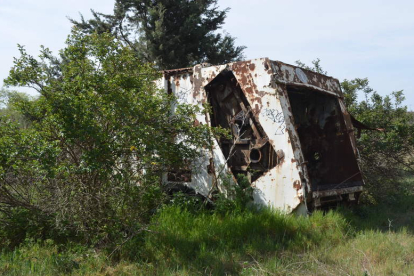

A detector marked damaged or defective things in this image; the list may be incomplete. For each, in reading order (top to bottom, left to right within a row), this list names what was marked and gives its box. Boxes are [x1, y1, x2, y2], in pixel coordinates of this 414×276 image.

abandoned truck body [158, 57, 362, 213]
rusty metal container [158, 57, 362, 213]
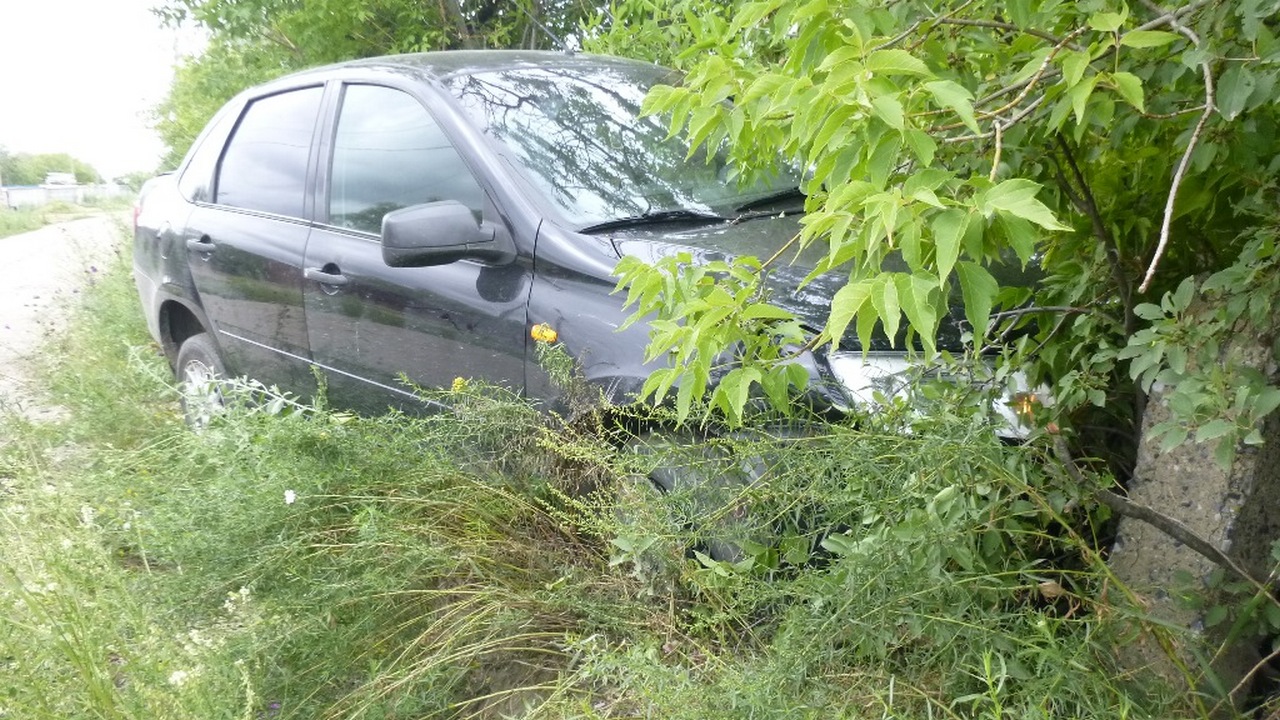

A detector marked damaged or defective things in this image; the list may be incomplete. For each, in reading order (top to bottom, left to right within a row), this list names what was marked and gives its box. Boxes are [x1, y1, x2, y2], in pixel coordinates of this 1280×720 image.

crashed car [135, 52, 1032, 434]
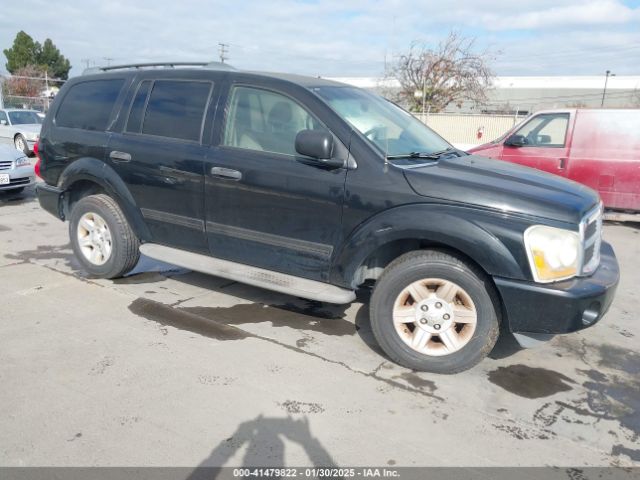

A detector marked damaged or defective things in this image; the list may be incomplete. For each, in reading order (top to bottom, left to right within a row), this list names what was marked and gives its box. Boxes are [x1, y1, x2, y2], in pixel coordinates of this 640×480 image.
****************************************
Your answer must be the lines from the one containing "this 1280×720 image." through the last line of the records, printed exactly with no pictures; please include both ends.

### EXERCISE OUTPUT
A detector marked damaged or defective things in this image; the list may be incomplete. For each, in reading order (top to bottom, left to right within a row), this list names what was marked and gives its box. Boxes are [x1, y1, x2, y2], in pixel coordinates of this 1280×720 image.

crashed car [135, 52, 1032, 434]

A detector marked damaged or defective things in this image; the list may be incomplete. For each, in reading order (top to bottom, left to right within a row), this list names what was marked and gives its box. Boxes are [x1, y1, x2, y2], in pixel coordinates of this 640×480 image.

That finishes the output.